Born in Vienna to an academic painter, Hausmann moved to Berlin with his family in 1900. His early artistic endeavors were heavily influenced by Cubism and Expressionism. However, the mass devastation of World War I pushed him, like many of his contemporaries, toward the anti-art, anti-bourgeois philosophy of Dada. In 1918, he co-founded the Berlin Dada group alongside Richard Huelsenbeck, George Grosz, John Heartfield, and his romantic and artistic partner, Hannah Höch.
Hausmann is widely credited as one of the primary inventors of Photomontage—a technique of cutting and juxtaposing photographs and typography from mass media to create chaotic, satirical, and politically charged compositions. His most iconic artwork, however, is a three-dimensional sculptural assemblage titled Mechanical Head (The Spirit of Our Time) (1920). Constructed from a hairdresser’s wooden wig-making block attached to various measuring devices (a tape measure, a wooden ruler, a pocket watch mechanism, a jewelry box), it serves as a biting critique of the modern, unthinking, mechanically conditioned man whose mind is driven by external forces rather than internal thought.
Beyond visual art, Hausmann was a bold pioneer of “optophonetic” Sound Poetry. His groundbreaking poem fmsbw (1918), consisting of a non-sensical string of printed letters intended to be performed aloud with varied pitch and volume, profoundly influenced the auditory art of his contemporaries, most notably Kurt Schwitters’ Ursonate.

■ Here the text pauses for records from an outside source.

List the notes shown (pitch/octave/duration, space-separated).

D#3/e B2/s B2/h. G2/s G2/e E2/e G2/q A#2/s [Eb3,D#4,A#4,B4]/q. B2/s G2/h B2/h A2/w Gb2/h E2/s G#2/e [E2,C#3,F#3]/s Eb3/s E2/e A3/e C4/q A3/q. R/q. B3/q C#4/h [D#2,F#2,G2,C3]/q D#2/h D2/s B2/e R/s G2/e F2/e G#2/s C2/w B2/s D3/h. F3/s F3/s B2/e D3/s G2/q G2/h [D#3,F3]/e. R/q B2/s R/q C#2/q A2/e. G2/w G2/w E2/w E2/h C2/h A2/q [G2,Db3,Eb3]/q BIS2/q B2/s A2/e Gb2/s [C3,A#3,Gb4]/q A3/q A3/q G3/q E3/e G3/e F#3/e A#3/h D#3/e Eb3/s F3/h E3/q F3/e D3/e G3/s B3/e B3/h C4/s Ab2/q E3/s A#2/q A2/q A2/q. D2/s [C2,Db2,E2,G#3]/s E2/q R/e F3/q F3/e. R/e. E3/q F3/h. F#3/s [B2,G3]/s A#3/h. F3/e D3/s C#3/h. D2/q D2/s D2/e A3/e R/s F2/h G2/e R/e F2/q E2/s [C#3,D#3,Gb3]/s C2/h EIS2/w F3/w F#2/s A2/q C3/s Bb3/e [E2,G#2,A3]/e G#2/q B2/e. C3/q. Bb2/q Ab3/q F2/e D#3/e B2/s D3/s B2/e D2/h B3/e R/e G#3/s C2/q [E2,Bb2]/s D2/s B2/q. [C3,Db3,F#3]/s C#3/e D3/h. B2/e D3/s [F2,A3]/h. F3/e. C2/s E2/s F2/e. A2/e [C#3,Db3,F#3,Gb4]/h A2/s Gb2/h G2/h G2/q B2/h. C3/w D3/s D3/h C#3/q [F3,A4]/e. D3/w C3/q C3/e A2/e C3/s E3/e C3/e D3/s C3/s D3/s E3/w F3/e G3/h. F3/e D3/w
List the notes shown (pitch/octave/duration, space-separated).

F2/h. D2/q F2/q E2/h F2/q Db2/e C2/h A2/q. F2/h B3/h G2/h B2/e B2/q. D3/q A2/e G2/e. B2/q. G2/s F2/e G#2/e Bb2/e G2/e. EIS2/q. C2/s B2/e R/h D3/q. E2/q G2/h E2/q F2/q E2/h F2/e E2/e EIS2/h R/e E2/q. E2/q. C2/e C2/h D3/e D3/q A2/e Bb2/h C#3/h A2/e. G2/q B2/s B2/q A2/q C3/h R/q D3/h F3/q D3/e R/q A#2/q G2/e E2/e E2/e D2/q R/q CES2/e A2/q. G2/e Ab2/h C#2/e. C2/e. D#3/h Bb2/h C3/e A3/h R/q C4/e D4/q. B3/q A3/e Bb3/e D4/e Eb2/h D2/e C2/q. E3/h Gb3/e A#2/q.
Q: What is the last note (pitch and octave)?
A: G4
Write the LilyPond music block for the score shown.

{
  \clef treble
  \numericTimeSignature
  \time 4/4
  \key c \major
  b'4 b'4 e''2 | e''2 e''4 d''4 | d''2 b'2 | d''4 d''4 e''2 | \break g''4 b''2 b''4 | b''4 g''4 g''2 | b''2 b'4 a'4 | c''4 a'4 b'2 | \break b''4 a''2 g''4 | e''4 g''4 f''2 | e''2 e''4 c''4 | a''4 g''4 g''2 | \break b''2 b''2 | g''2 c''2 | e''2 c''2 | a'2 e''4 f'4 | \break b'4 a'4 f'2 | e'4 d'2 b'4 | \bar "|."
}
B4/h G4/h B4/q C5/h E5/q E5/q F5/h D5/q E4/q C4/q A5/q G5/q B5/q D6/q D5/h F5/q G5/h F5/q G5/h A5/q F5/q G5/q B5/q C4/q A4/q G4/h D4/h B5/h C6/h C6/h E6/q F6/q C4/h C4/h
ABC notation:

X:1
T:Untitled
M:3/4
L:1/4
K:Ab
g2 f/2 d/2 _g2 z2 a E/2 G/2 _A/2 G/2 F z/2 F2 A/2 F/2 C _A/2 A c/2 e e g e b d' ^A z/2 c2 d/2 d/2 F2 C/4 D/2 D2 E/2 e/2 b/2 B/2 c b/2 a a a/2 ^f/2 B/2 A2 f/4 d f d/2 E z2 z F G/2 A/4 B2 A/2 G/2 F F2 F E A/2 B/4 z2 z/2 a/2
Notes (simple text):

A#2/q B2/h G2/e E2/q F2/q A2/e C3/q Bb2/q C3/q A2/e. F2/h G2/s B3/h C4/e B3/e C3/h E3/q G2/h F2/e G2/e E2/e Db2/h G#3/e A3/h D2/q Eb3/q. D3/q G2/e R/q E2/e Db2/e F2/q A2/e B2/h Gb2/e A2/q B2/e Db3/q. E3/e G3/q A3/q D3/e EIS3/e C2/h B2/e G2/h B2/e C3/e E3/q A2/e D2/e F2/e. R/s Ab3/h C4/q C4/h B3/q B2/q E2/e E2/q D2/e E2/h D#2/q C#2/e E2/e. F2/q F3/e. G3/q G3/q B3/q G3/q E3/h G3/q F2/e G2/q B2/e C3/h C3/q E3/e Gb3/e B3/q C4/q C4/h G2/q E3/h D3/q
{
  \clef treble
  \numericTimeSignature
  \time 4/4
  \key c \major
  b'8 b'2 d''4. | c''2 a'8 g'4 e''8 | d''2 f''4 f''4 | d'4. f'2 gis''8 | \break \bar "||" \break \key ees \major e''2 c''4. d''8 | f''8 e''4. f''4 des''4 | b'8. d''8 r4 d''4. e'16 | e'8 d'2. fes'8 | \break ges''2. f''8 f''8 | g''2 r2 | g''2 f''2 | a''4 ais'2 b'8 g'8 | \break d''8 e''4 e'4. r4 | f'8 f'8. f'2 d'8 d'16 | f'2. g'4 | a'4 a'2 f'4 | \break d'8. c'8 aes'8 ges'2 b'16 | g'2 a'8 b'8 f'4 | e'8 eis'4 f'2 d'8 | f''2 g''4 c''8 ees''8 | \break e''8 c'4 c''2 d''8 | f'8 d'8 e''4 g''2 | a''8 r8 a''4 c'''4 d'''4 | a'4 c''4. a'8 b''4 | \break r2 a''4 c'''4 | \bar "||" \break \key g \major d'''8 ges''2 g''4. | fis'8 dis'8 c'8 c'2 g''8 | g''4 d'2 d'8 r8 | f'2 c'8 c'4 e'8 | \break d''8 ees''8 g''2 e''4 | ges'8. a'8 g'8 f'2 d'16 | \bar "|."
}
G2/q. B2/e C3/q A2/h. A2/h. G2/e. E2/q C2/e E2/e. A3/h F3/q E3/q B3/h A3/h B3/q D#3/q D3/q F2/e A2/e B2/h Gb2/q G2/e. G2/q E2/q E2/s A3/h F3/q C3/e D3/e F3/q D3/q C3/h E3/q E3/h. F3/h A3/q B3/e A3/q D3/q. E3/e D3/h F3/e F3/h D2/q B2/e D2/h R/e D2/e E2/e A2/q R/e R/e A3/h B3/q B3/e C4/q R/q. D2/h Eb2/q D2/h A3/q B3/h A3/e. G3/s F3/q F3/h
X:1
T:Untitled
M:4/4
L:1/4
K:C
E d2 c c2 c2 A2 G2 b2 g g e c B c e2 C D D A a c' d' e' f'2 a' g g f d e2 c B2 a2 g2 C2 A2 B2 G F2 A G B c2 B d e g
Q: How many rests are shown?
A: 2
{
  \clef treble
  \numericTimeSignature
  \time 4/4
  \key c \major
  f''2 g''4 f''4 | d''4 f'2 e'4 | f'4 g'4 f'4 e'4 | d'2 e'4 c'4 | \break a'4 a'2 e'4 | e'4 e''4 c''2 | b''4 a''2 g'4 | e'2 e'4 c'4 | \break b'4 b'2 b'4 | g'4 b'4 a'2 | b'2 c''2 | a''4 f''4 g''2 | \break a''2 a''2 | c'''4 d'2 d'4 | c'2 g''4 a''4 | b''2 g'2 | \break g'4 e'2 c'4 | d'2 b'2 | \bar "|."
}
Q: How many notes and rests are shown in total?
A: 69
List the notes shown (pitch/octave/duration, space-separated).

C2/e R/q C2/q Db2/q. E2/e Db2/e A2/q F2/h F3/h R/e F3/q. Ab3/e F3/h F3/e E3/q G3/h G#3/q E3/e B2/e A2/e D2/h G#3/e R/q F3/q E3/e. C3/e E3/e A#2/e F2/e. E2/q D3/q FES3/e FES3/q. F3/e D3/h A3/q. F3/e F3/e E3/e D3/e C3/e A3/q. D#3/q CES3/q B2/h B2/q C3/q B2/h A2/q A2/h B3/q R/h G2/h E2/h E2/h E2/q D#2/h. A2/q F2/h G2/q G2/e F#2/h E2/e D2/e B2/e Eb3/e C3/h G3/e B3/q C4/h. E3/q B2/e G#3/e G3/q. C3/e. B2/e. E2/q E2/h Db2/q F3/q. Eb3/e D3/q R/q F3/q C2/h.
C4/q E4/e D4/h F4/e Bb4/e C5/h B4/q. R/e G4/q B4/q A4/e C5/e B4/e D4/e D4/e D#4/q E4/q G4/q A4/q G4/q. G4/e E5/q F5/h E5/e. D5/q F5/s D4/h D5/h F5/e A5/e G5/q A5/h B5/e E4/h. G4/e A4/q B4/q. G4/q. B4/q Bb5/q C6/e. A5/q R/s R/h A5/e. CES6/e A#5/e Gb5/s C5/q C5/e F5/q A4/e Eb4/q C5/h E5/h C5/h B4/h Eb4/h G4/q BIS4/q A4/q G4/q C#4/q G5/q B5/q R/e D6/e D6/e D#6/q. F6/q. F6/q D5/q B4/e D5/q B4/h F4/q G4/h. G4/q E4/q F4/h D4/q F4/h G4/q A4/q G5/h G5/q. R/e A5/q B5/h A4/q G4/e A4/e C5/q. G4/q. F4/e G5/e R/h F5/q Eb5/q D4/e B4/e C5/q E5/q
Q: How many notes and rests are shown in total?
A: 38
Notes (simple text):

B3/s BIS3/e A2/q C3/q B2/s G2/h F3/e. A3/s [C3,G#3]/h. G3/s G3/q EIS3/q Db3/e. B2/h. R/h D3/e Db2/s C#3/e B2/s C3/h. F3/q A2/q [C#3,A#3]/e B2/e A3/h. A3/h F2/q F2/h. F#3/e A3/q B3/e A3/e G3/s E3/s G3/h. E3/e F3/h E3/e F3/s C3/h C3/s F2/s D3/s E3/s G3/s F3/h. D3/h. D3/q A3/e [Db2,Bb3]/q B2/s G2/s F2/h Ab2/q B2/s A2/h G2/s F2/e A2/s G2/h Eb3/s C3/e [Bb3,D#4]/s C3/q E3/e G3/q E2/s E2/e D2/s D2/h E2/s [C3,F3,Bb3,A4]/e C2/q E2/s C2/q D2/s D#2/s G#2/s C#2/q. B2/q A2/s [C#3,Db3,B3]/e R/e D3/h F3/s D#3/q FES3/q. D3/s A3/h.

When the Nazi regime rose to power in 1933 and subsequently labeled his work “degenerate art,” Hausmann fled Germany. He lived a nomadic life in exile, moving through Ibiza, Zurich, and Prague before eventually settling permanently in Limoges, France, in 1944. He spent the remainder of his life there, continuing to paint, write, and experiment with photography until his death in 1971.
Active in others filds : Photography, Typography, Sound Poetry, Art Theory & Criticism, Publishing (Editor of the Der Dada journal).